Transshipment has emerged as a critical compliance challenge. While legitimate transshipment serves essential logistical purposes, it can also obscure the true origin and destination of goods. Financial institutions must trace complex shipping routes and identify suspicious patterns, particularly when countries suddenly display manufacturing capabilities that defy economic logic - such as dramatic increases in steel production following tariffs on traditional producers.


Additionally, institutions must monitor attempts to evade export controls through intermediate countries. This has become especially relevant as Russia obtains restricted technology and military components through neighboring allies and trading hubs with lighter restrictions.



Strategic Imperatives for Financial Institutions


The rapid reconfiguration of global trade patterns over the past decade has fundamentally altered the landscape of trade-based financial flows. These shifts have created new vulnerabilities and opportunities for exploitation, from the challenges of dual-use goods and complex transshipment patterns to the emergence of sophisticated digital schemes and alternative payment channels.

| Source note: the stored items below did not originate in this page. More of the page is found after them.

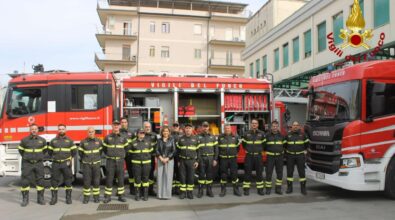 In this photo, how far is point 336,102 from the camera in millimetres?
8617

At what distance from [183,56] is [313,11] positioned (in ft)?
68.2

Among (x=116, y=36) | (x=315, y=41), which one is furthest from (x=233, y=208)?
(x=116, y=36)

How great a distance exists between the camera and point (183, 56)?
41969mm

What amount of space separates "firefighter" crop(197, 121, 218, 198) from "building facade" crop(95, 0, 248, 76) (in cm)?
3084

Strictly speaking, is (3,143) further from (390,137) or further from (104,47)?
(104,47)

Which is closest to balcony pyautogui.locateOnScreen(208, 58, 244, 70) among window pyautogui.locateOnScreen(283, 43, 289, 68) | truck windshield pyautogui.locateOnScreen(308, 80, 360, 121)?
window pyautogui.locateOnScreen(283, 43, 289, 68)

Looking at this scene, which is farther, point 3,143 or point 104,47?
point 104,47

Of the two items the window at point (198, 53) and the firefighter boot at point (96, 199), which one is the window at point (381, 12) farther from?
the window at point (198, 53)

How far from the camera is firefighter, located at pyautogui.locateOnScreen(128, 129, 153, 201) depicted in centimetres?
869

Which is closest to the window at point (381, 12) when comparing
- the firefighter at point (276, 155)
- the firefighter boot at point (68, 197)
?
the firefighter at point (276, 155)

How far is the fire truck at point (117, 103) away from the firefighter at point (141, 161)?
1.71 m

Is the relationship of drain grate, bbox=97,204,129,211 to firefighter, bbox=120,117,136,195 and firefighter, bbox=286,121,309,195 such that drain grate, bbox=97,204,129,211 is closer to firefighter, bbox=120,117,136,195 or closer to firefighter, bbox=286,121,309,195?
firefighter, bbox=120,117,136,195

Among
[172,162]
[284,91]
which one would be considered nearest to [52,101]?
[172,162]

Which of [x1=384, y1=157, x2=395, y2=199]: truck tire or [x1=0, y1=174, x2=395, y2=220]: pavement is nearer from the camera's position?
[x1=0, y1=174, x2=395, y2=220]: pavement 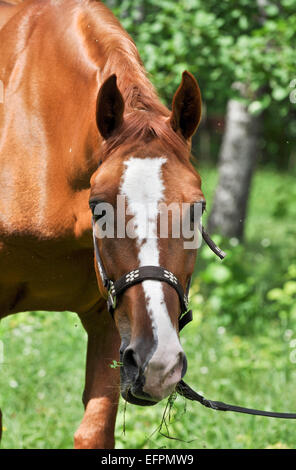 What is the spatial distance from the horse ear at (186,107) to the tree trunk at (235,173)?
16.9ft

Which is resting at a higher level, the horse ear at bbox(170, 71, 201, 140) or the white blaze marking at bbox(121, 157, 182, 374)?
the horse ear at bbox(170, 71, 201, 140)

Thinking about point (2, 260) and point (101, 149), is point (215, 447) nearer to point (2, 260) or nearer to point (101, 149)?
point (2, 260)

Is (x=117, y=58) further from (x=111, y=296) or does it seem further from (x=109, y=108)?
(x=111, y=296)

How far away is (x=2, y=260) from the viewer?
2.86 m

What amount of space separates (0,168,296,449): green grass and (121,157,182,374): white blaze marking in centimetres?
87

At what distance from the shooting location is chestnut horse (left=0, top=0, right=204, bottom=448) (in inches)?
83.0

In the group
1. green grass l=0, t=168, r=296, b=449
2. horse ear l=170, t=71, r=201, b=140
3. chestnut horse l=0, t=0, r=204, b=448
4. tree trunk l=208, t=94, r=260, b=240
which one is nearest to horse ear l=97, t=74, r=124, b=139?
chestnut horse l=0, t=0, r=204, b=448

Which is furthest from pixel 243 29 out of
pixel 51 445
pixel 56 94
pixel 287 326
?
pixel 51 445

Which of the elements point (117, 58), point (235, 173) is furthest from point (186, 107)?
point (235, 173)

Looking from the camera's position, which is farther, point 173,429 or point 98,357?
point 173,429

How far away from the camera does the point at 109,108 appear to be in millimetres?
2373

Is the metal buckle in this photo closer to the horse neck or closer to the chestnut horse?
the chestnut horse

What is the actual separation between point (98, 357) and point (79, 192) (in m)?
0.80

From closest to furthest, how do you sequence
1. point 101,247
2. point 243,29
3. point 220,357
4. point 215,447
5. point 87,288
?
point 101,247, point 87,288, point 215,447, point 220,357, point 243,29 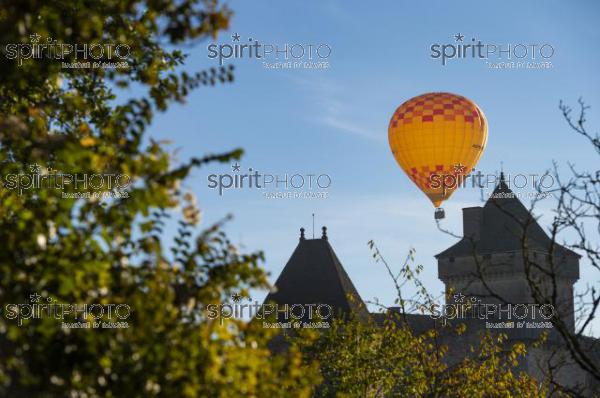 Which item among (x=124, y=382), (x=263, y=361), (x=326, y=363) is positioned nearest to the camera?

Amid these evolving challenges, regulatory expectations continue to intensify. Banks' trade finance operations face mounting pressure to enhance their compliance frameworks, implement more sophisticated monitoring systems, and maintain increasingly detailed documentation - all while managing existing resource constraints and operational complexities.


Financial institutions have had to radically transform their approach to trade monitoring and compliance, developing new capabilities and frameworks to address these evolving challenges. As we'll explore in the next part of this series, the response to these challenges requires not just technological solutions, but a fundamental rethinking of how we approach trade finance risk management in an increasingly complex global economy.